**DATASET EXCERPT**
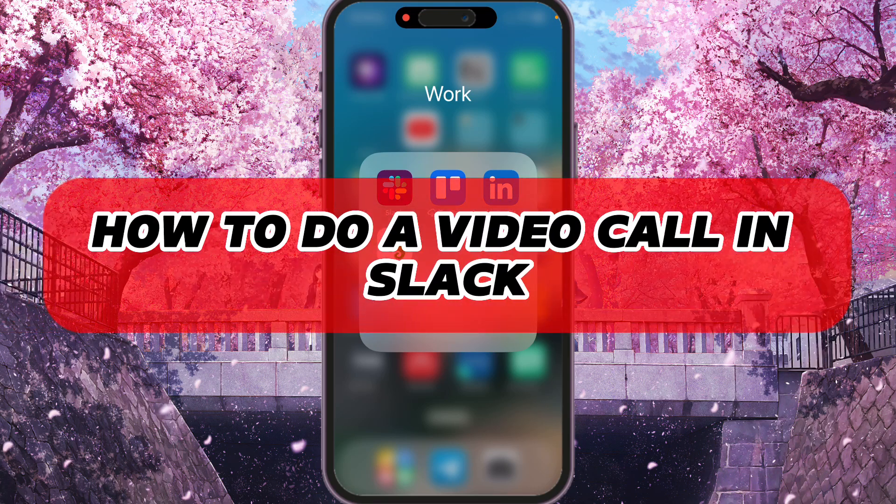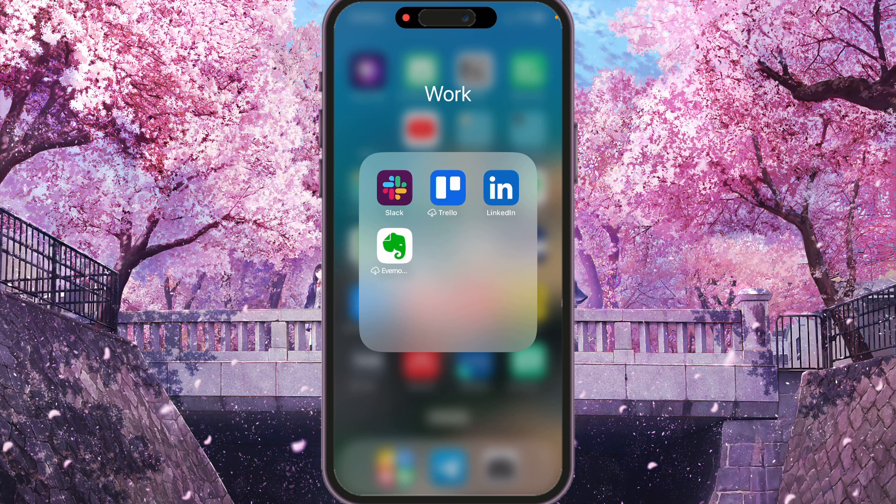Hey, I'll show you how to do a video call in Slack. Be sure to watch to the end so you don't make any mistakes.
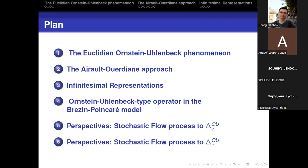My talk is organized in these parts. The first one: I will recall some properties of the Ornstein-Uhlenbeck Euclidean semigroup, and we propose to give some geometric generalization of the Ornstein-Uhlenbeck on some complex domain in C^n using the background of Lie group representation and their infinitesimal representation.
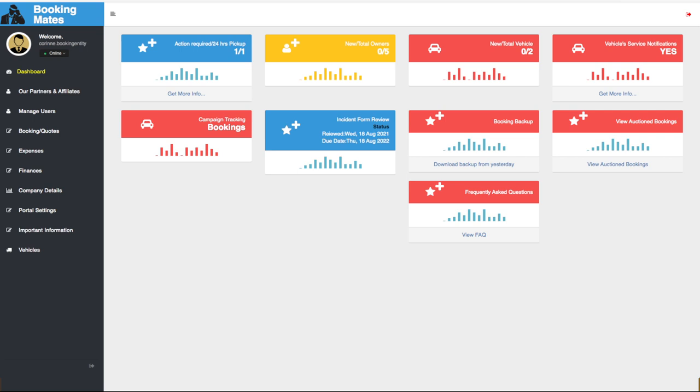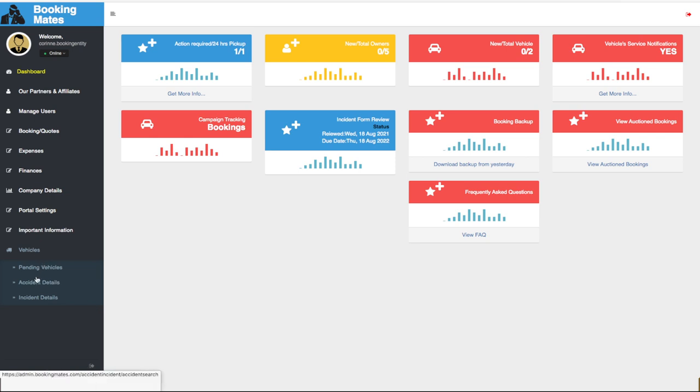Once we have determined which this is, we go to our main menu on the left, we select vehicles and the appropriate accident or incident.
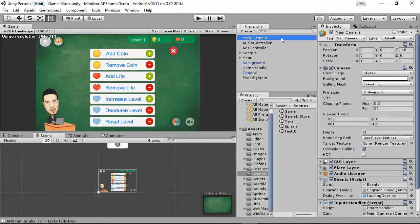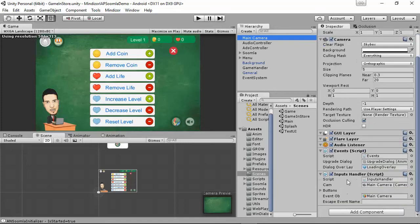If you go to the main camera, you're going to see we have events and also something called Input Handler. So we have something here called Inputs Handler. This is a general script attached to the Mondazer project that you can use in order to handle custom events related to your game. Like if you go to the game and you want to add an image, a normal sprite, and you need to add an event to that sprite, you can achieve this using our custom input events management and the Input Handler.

**PROBLEM TO SOLVE**
Your answer must be an exact copy of the lines from the one with "Once we have" through the final line of the data, both included, without any pictures.

**RESPONSE FOR THIS EXERCISE**
Once we have determined which this is, we go to our main menu on the left, we select vehicles and the appropriate accident or incident.
If you go to the main camera, you're going to see we have events and also something called Input Handler. So we have something here called Inputs Handler. This is a general script attached to the Mondazer project that you can use in order to handle custom events related to your game. Like if you go to the game and you want to add an image, a normal sprite, and you need to add an event to that sprite, you can achieve this using our custom input events management and the Input Handler.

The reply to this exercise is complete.